Diferenciada e arrebatadora, com a docilidade do R&B como pedra basilar, reside nas mãos de NAO magia substancial. (Mãos essas que surgem nas capas dos EPs com que se estreou: So Good e February 15.) É sua grande parte da alquimia com que manipula ritmos e melodias, como em Bad Blood ou Girlfriend, mas a subversão não é o propósito da sua obra.

Mais do que a estética, as texturas ou a aventura, embora constantes, aquilo que a música de NAO veicula é um sentido irrefutável de esperança. “I really wanna show your smile to the world“: as letras são contagiantes, vertidas em paisagens sonoras que fundem o espírito dos anos 90 com a panóplia corrente de sons.

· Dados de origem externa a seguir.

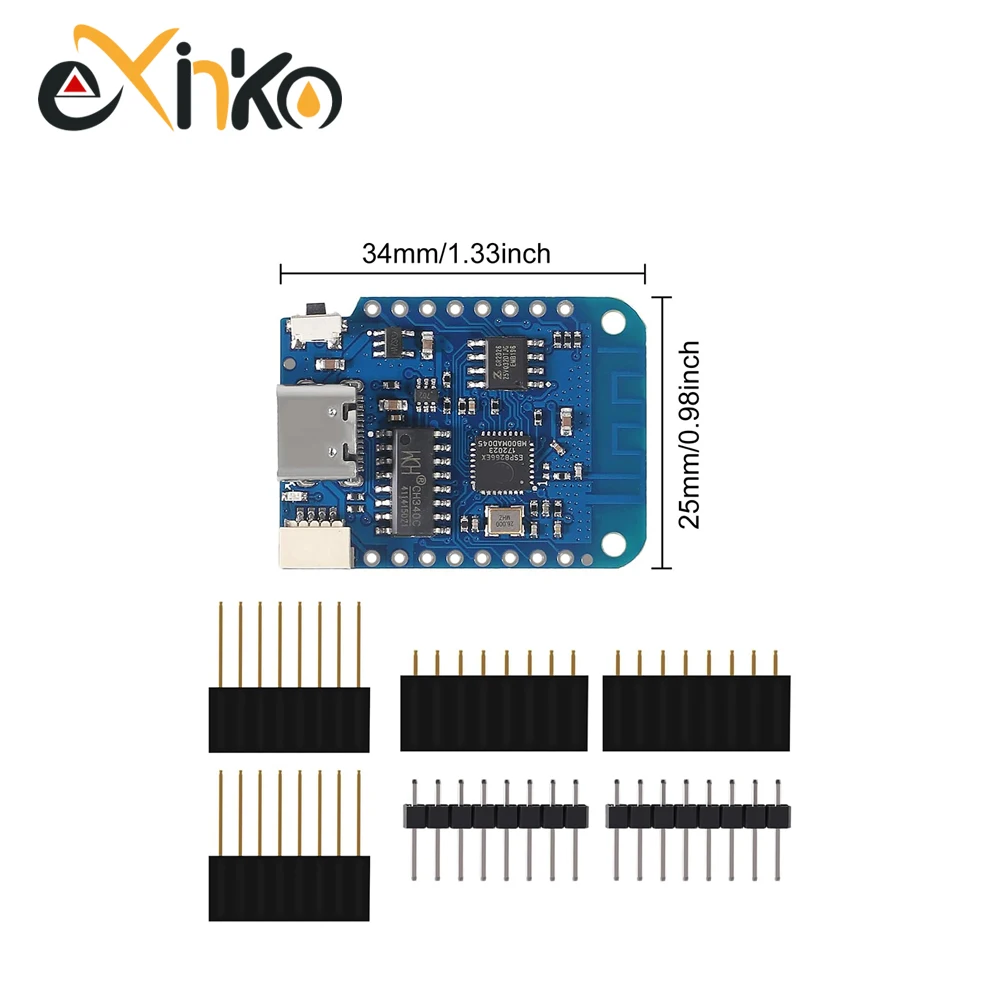 1/5/10PCS WeMos D1 Mini ESP826 - Wemos D1 recension och pris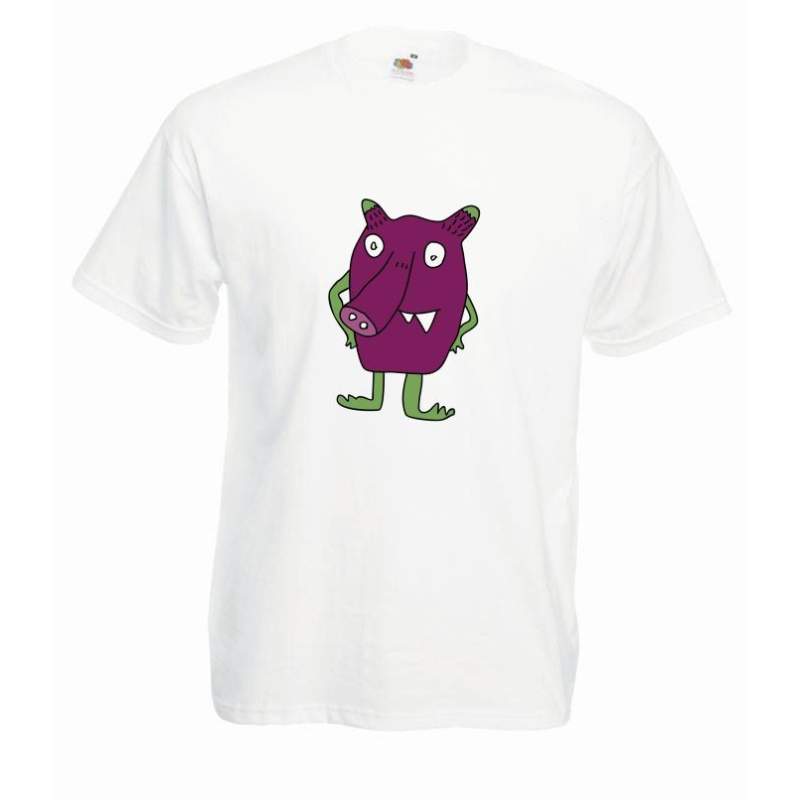 T-shirt oversize DTG MONSTER 3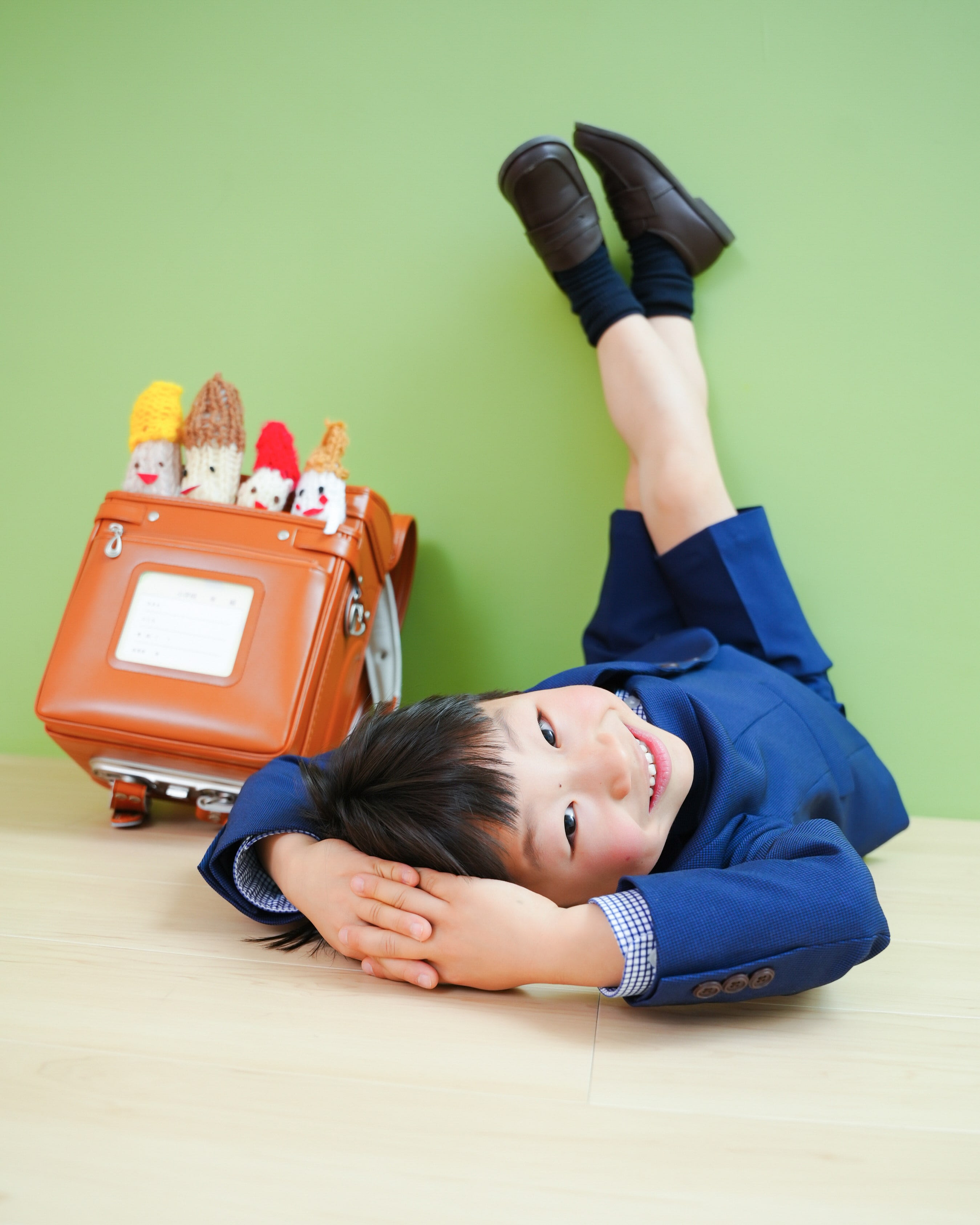 入園　1年生　フォトスタジオ　ハピスタ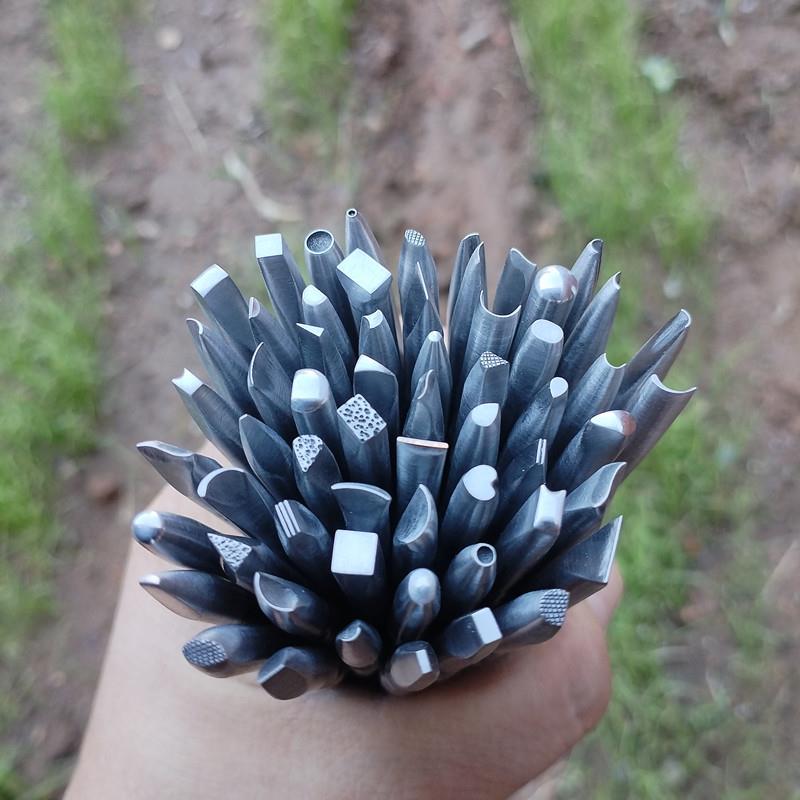 錾子 錾刻刀 金工錾刻 手工錾刻 手工雕刻刀 錾刻金银铜 錾刻工具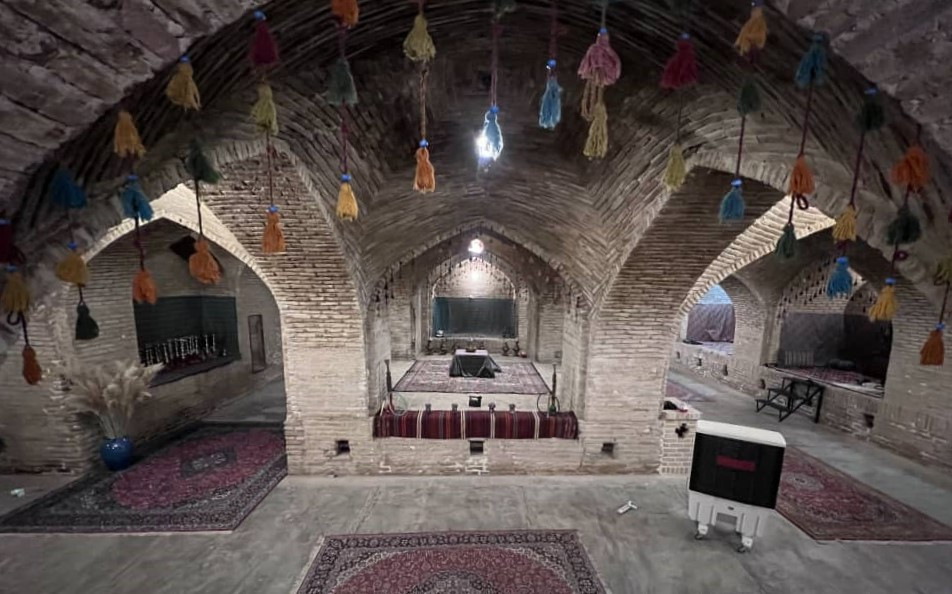 سالن کافه رستوران اقامتگاه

São essas as bases de For All We Know, o disco que a levou em tournée pelo mundo e levou o seu nome de vento em popa. Mas absolutamente nada se faria sem o instrumento máximo que é a voz de NAO. É puro mel a escorrer sensualidade, a trazer luminosidade a onde quer que se faça ouvir.

Foi em novembro de 2016 que a londrina agraciou, pela primeira vez, os palcos portugueses. O concerto de estreia fez-se no Coliseu dos Recreios, a sala maior do Vodafone Mexefest. NAO conquistou milhares de corações no público com a sua proposta de “wonky funk“.

Retorna ao Lisboa Dance Festival como cabeça-de-cartaz, na iminência de um novo projeto. Encontra-se a gravar um novo disco e presenteou-nos recentemente com um single separado, Nostalgia.

Pela intempérie da idade adulta, pelo desespero romântico, pelas conflitualidades da vida: há que dançar. | 22h30, KIA Room @ Fábrica do Pão

Romare

Verbalizar música já é difícil, limitar o ato a uma só única palavra é só redutor. Mas a colagem é o melhor análogo da música de Romare, um autêntico crisol de ritmos e variedade estilística.

Nascido em 1985, o britânico faz música que recupera artefactos sonoros e culturais de África, transfigurando qualquer sample numa força motriz, num centro autêntico de devoção. A música é um compósito fascinante de eletrónica e influências de jazz ou footwork. Um som que tanto remonta à tribo milenar como à urbe.

Um primeiro contacto pode descurar a mestria por detrás das pesadas texturas sonoras ou da dançabilidade manifesta. É necessário revisitar a obra de Romare para que a densa rede de samples vocais, sintetizadores pulsáteis e percussão certeira, enleada a partir de África enquanto epicentro mundial, se torne tangível. Mediante essa condição, dançar ao som de Romare é algo tão imersivo e espiritual, como tátil e corpóreo. | 23h45, KIA Room @ Fábrica do Pão

DJ Marfox

Um vulto da Lisboa underground, Marlon Silva ou DJ Marfox dispara ritmos de alta magnitude, que tanto fervilham, como atraem com o seu toque magnético. A batucada ou batida, género que convencionou, vem em vários sabores, numa infusão irresistível que o conduziu ao reconhecimento internacional.

Os seus ingredientes? Os ritmos africanos do kuduro, a intensidade do techno e da house, uma visão cosmopolita do panorama musical. O procedimento? Moldá-los numa confeção de ouvir, dançar e chorar por mais.

Em 2016, com o selo da mítica Príncipe, Chapa Quente granjeou títulos prestigiantes da Fact, Mixmag ou XLR8R. Mas o feito máximo vem da incapacidade nata de deixar alguém parado na pista de dança. Não estão convencidos? Experimentem hoje à noite. | 21h00, Carlsberg Room @ Fábrica das Massas

Um hub estelar

A noite é pontuada com muito mais artistas de destaque assegurado. Na KIA Room, haverá ainda atuações dos portugueses DJ Glue e Xinobi; nomes como Octave One, Optimo, Leon Vynehall ou Monoloc espalham-se pelas restantes salas. As portas abrem às 17h00; sigam os horários disponíveis neste link.